Un detenuto egiziano di 30 anni, recluso nel carcere di Caltanissetta, si è suicidato impiccandosi con le lenzuola alla grata della cella. L’uomo, in carcere dal 2014, avrebbe finito di scontare la pena nel 2018. Il magistrato di sorveglianza aveva da poco rigettato la sua richiesta di espulsione. Quello di oggi è l’undicesimo suicidio di detenuti dall’inizio dell’anno.
«L’uomo che si è impiccato nella cella stanotte era arrivato a Caltanissetta dal carcere di S. Cataldo, dove si era reso protagonista di più eventi che avevano turbato l’ordine e la sicurezza interna – il segretario generale del Sappe Donato Capece – . Proprio ieri gli era stata negata l’estradizione al suo Paese, ma non è accertato che questo possa avere attinenza con il grave gesto di cui si è reso responsabile. Sappiamo che ha lasciato un messaggio, ma è massimo il riserbo sui contenuti. I quattro detenuti suicidi tra le sbarre di altrettanti detenuti in una settimana sono il segno tangibile di come i problemi sociali e umani permangono nelle carceri del Paese, nonostante l’attenzione e la vigilanza del personale di Polizia Penitenziaria, spesso lasciato solo a gestire queste situazioni di emergenza».

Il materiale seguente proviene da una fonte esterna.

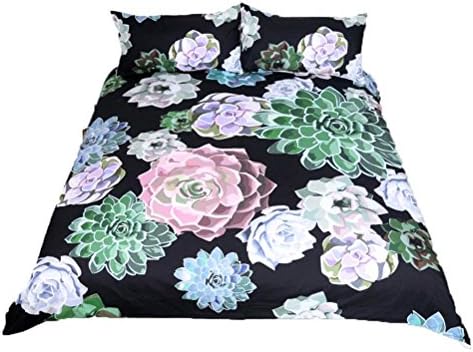 Succulents Bedding Quilt Suite Quilt Cover Set Bedding Three-Piece Active Printing Without Fading Home Textile Bedding (Quilt Cover 1, Pillowcase 2) , Colorful , Queen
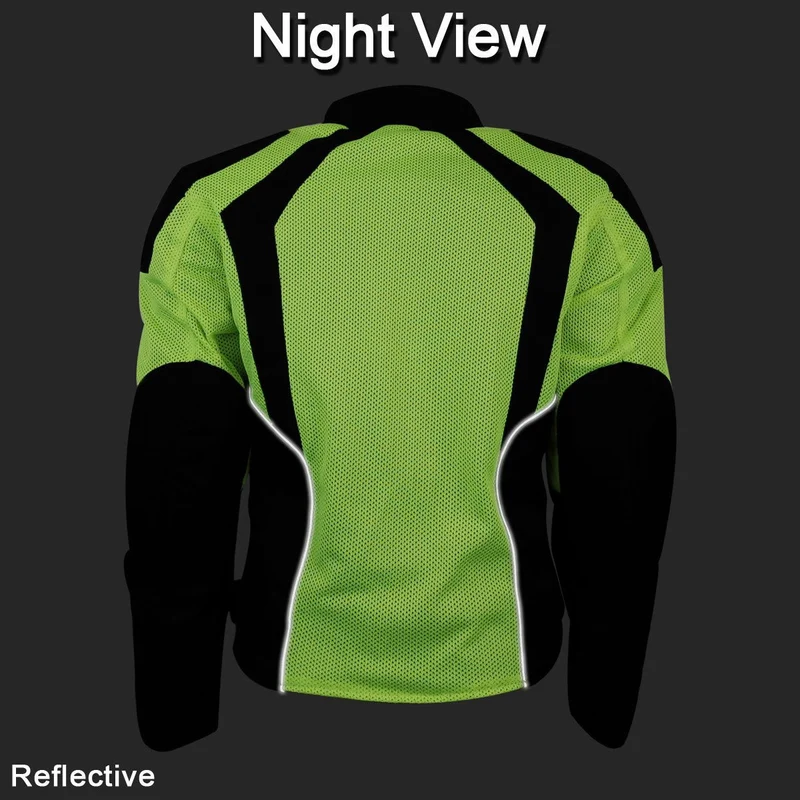 Vance Womens High Visibility Mesh Motorcycle Riding Jacket With CE Armor & Removeable Thermal Liner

Il suicidio, aggiunge il sindacalista, «è spesso la causa più comune di morte nelle carceri: gli istituti penitenziari hanno l’obbligo di preservare la salute e la sicurezza dei detenuti, e l’Italia è certamente all’avanguardia per quanto concerne la normativa finalizzata a prevenire questi gravi eventi critici. Ma il suicidio di un detenuto – conclude Capece – rappresenta un forte agente stressogeno per il personale di polizia e per gli altri detenuti. Per queste ragioni un programma di prevenzione del suicidio e l’organizzazione di un servizio d’intervento efficace sono misure utili non solo per i detenuti ma anche per l’intero istituto dove questi vengono implementati».